La errática política exterior de la Administración Bush ha colmado la paciencia de estrellas del rock como REM, Dixie Chicks, Steve Earle, Neil Young y Bruce Springsteen. Algunos compartieron escenario en la gira Vote For Change, en la que pedían un cambio en la presidencia del país. Tras recuperar la herencia folk de Pete Seeger en We Shall Overcome, el jefe Springsteen arremete en su último trabajo, Magic, contra la invasión de Irak: «¿Cómo pides a un hombre que sea el último en morir por un error?», se pregunta en el tema Last To Die. Aunque parezca que ha recuperado parte de su actitud contestataria, el rock sólo sufre una fiebre pasajera que remitirá cuando Bush se vaya a su rancho de Texas. El problema es que los tiempos han cambiado y hoy resulta difícil creerse a Bono (U2) o Chris Martin (Coldplay) arengando contra la pobreza cuando viajan en jet privado. El compromiso político y social es sólo una disculpa para organizar macroconciertos filantrópicos (Live Aid, Live 8...) sólo rentables en términos de imagen para los dinosaurios del rock.
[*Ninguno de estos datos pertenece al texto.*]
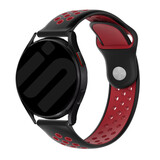 Strap-it® Samsung Galaxy Watch 6 - 40mm sport band (zwart/rood)
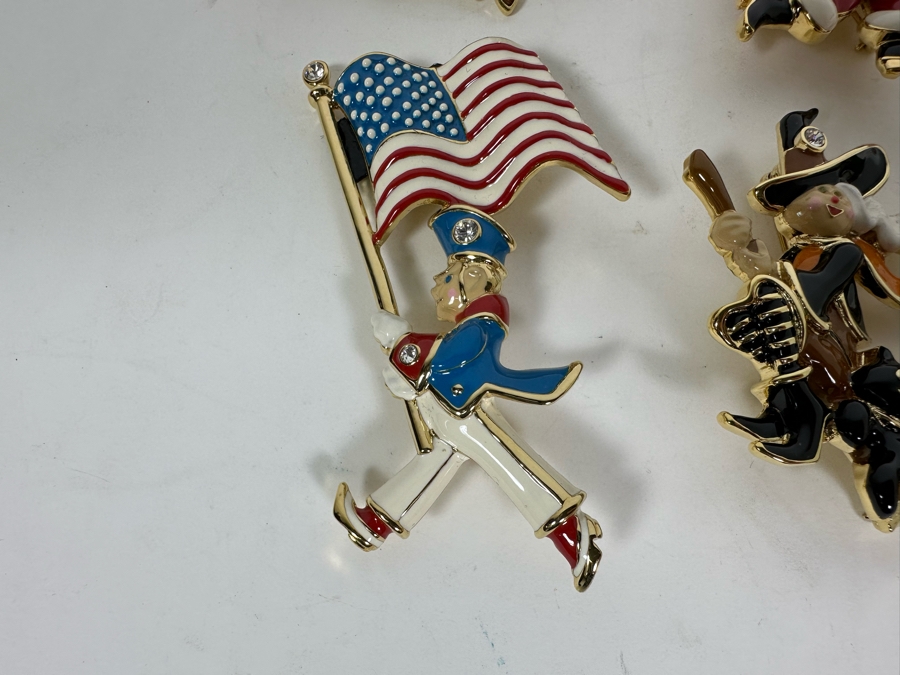 Collection Of Eight Bob Mackie Pins Brooches [Photo 3]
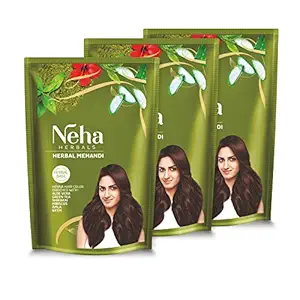 Neha Herbals Mehandi - 140G (Pack of 3)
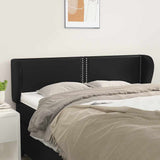 Vidaxl hoofdbord met randen 147x23x78 88 cm kunstleer zwart
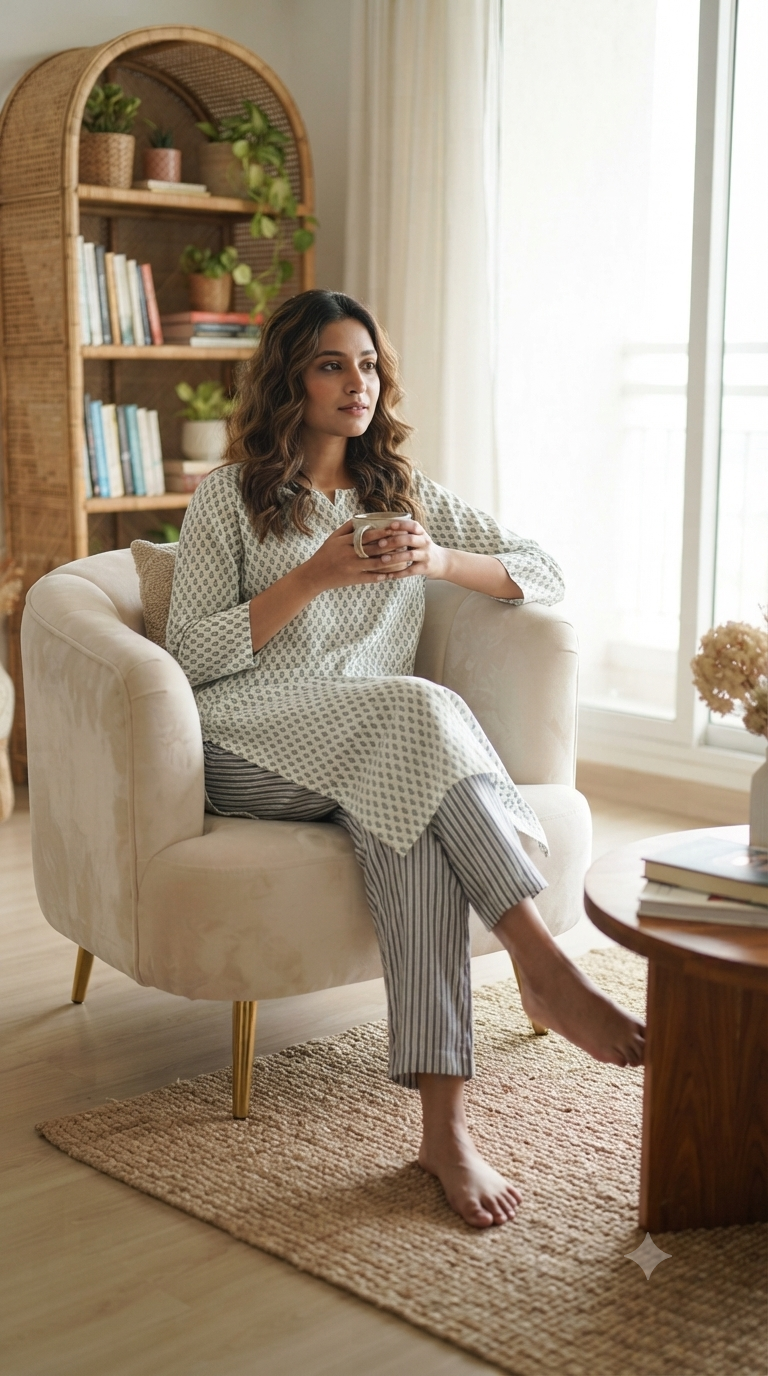 BUTTI & STRIPE CO-ORD SET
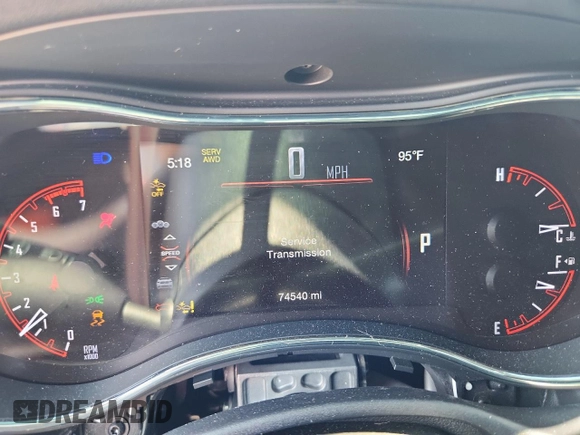 2017 Dodge Durango R/T with VIN 1C4SDJCT1HC944294, listed as a Copart auction lot 63930435 with 74,540 mi miles and Salvage title. Bid and sale history available at DreamBid. Image 9.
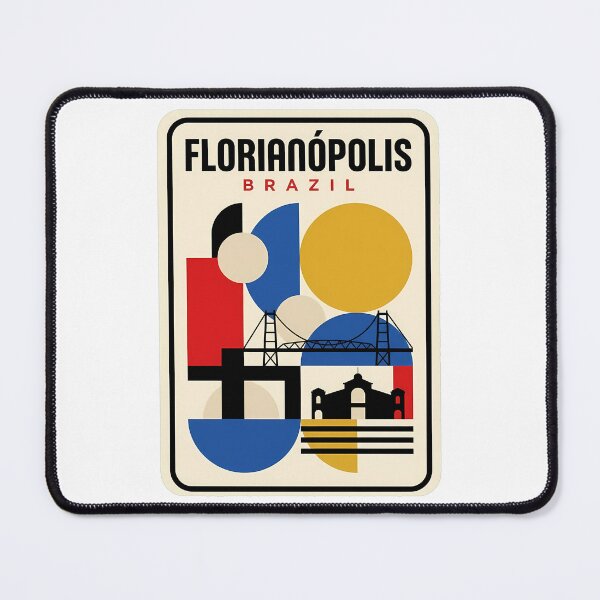 Item preview, Florianopolis Brazil Abstract Geometric Landmark Travel designed and sold by k3rstman1.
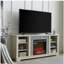 Meuble télé avec foyer et console de divertissement en bois avec foyer 18 po, blanc, l 58,31 po x P 15,39 po x H 26,06 po Mantel-1515194837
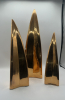 JARU Large Gold Metallic Mid Century Sculptures - 3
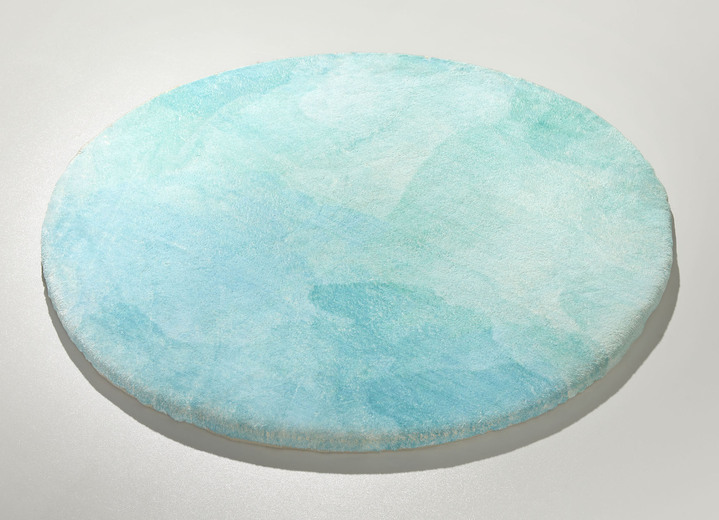 Badgarnituren - Badgarnitur, in Größe 100 (Vorleger halbrund, 50/ 80 cm) bis 112 (WC-Deckelbezug, 47/ 50 cm), in Farbe TÜRKIS Ansicht 12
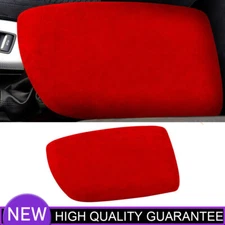 For BMW F20 F21 F22 F23 2012-2019 Red Suede Car Armrest Box Cover Trim Protector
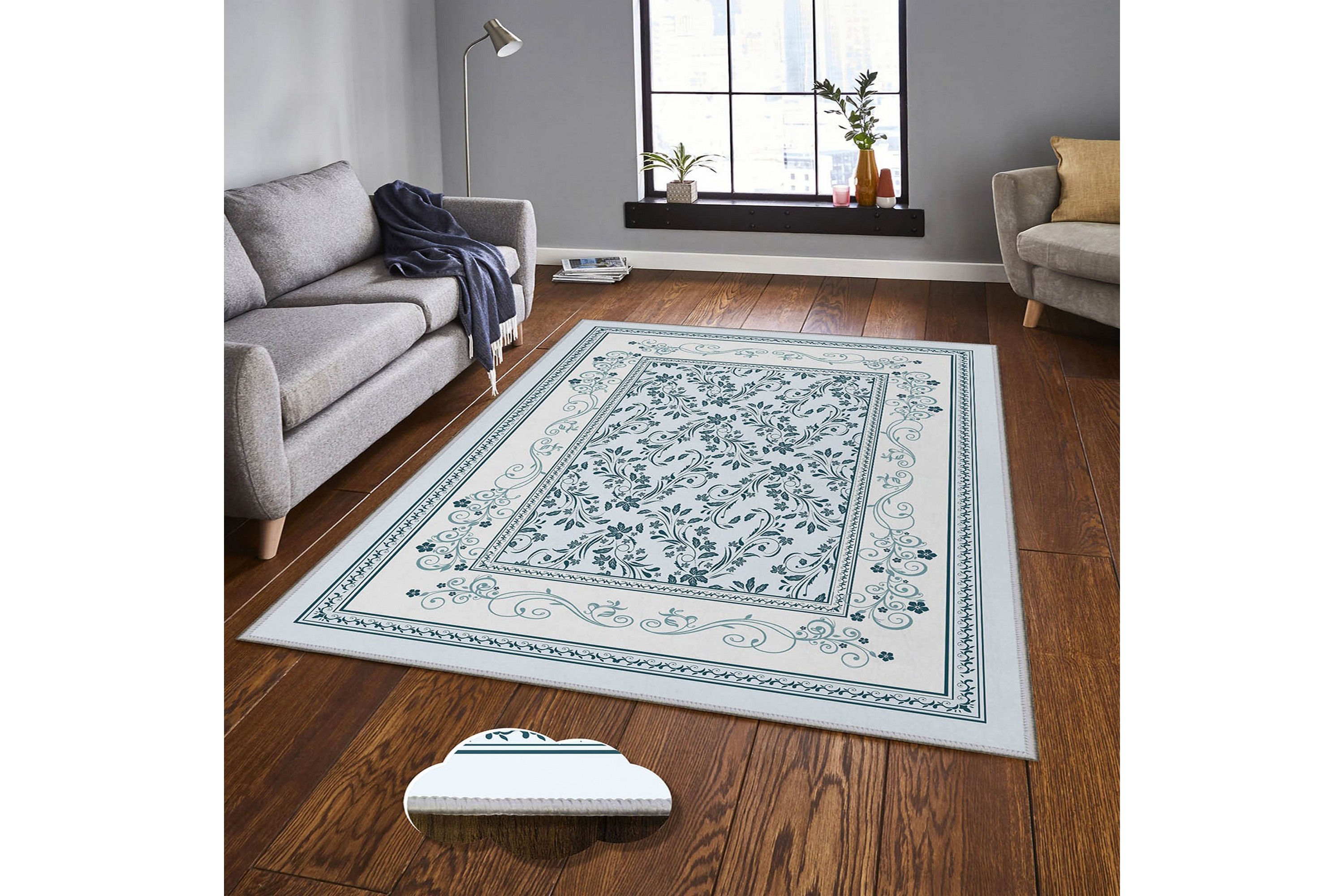 matta homefesto 80x300 cm - multifärgad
También hay excepciones, claro. «Pá una ciudad del Norte yo me fui a trabajar, mi vida la dejé entre Ceuta y Gibraltar», canta Manu Chao en Clandestino, crónica del triste viaje de un inmigrante sin papeles y perfecta demostración de cómo hacer música comprometida sin caer en el panfleto. Y encima se puede bailar. Al igual que el hip hop. Porque el hip hop, como su abuelo el blues, es ante todo una forma de protesta. A finales de los setenta, los jóvenes afroamericanos de los suburbios cogieron el micrófono para escupir su desencanto vital sobre los ritmos de Kraftwerk, James Brown y Afrika Bambaataa. Rimas inflamadas de rabia y frustración que se extendieron desde Nueva York por el resto del mundo.

El enemigo ya no es un señor bajito con bigote y voz aflautada. Ahora el enemigo es el trabajo precario, el precio de la vivienda, la violencia de género, el futuro incierto cuando naces en el extrarradio... Y éste es el alimento del hip hop. En 2008, los cantautores no llevan pantalones de pana y guitarra acústica; calzan Nike y visten chándal. Y su arma sigue siendo la palabra.

Los isleños Hipnotik, por ejemplo, dotan a sus rimas de fuerte compromiso social. Sólo hay que echar un vistazo a su último trabajo, Carnaval, que no para de sonar en las principales cadenas y programas de vídeos del país, como Sol Música o Canal Fiesta. Sus letras, reivindicativas, crítican la imagen tópica de los andaluces y recuerdan a los paisanos que se vieron obligados a emigrar a Cataluña o Castellón para asegurarse el sustento.

Otros ejemplos de protesta dentro de la escena del rap nacional lo constituyen los sevillanos SFDK o la jerezana Mala Rodríguez, cuyo nuevo disco, Malamarismo, acaba de ser reconocido como el Mejor Álbum Hip Hop en la última edición de los Premios de la Música. Así, en una de las canciones, Nanai, la provocadora rapera arenga a las mujeres a sublevarse ante los comportamientos machistas y mezquinos de los hombres.